If I am in the Porthmadog area I have a favourite place to park the van overnight. It is a delightful spot on the banks of the estuary, overhung by oak trees, and no ………. I’m not going to tell you where it is! From there it is a short drive to the Cob, the causeway that runs across the Glaslyn estuary just south of Porthmadog, from which one can look inland to the Snowdon massif. This is surely one of the most iconic landscapes in the whole of Wales but strangely enough not a big seller as far as postcards are concerned. I’ve always wondered why: perhaps people just don’t notice it as they hurry along the main road across the causeway.

I’ve spent two nights at this quiet spot in recent weeks. One morning at the end of August I woke early, had a very quick breakfast, and drove straight to the Cob. I’m sure that one of these mornings I will catch the view from there to Yr Wyddfa in perfect conditions, probably with a low fog across the marshes in the foreground, but this was not going to be it. A bank of high cloud obscured the rising sun. After a short wait I drove on to Borth-y-gest, a village set around a small harbour just west of Porthmadog.

Arriving at the main car park about 8 a.m., and the only vehicle there, I put my head back against the headrest and promptly fell asleep.
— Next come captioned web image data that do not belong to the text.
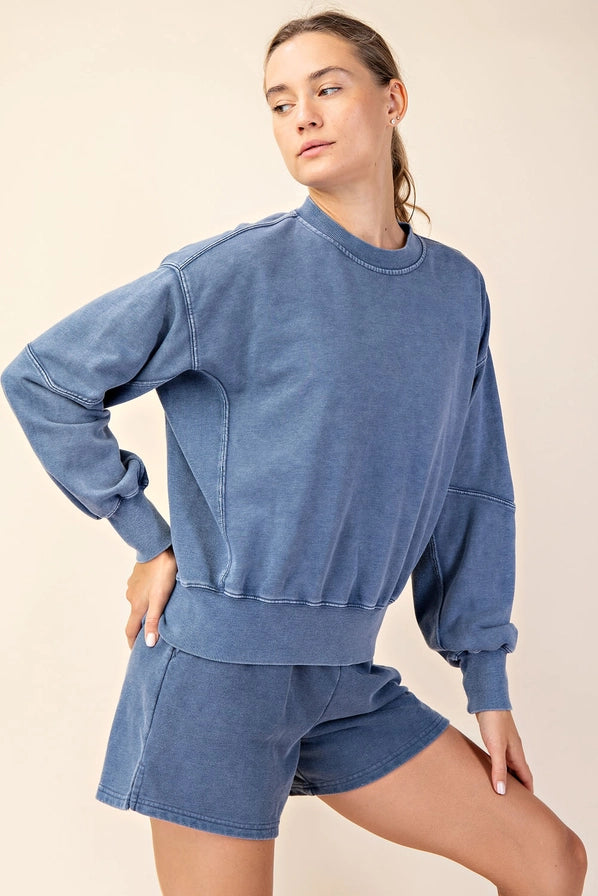 Terry Bliss Sweatshirt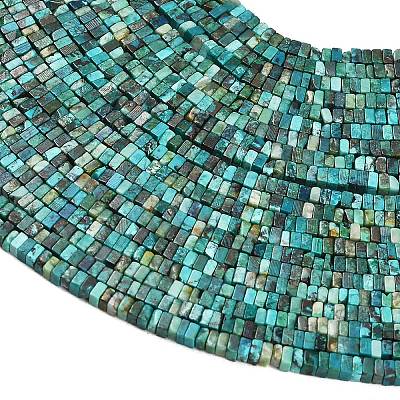 Natural Azurite Beads Strands GG-CBA2498-C02-01B-1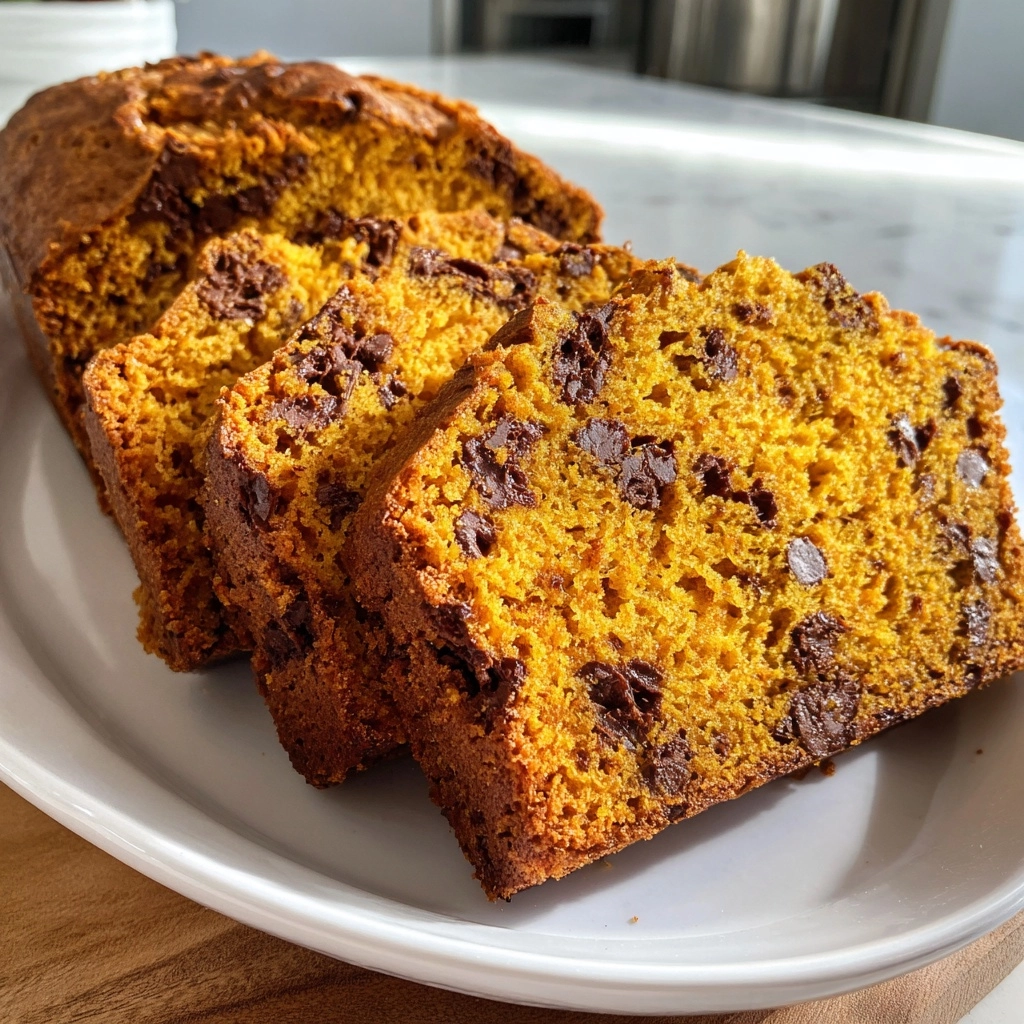 Chocolate Chip Pumpkin Bread – Best Fall Recipe (1)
About ten minutes later I woke up and was aghast to find a parking ticket attached to my windscreen! The parking warden could easily have tapped on my window and asked me to leave; instead he must have crept silently up to the van, stuck down the ticket and made a quick getaway. Talk about a hit and run incident……..

Well, Borth-y-gest is an idyllic little place so after the initial shock had worn off I decided to make the most of a now sunny morning. I need to do a new postcard of the area so set off downstream along the banks of the estuary to see what I could find. The tide was high but receding and the best photograph of the morning came on my return to the harbour (above). It’s a classic “picture-postcard” image, perfectly lit, with good colour saturation; it won’t win any prizes but it will suit my purposes perfectly.

I spent another night at my secret place last week. Not so secret, I now realise: I’ve never had to share it but this time found a rather large motor-home already in occupation. Acorns falling onto the van roof and rolling groundwards woke me several times during the night and I was surprised to also hear light rain falling. I hoped that did not bode ill for the following day.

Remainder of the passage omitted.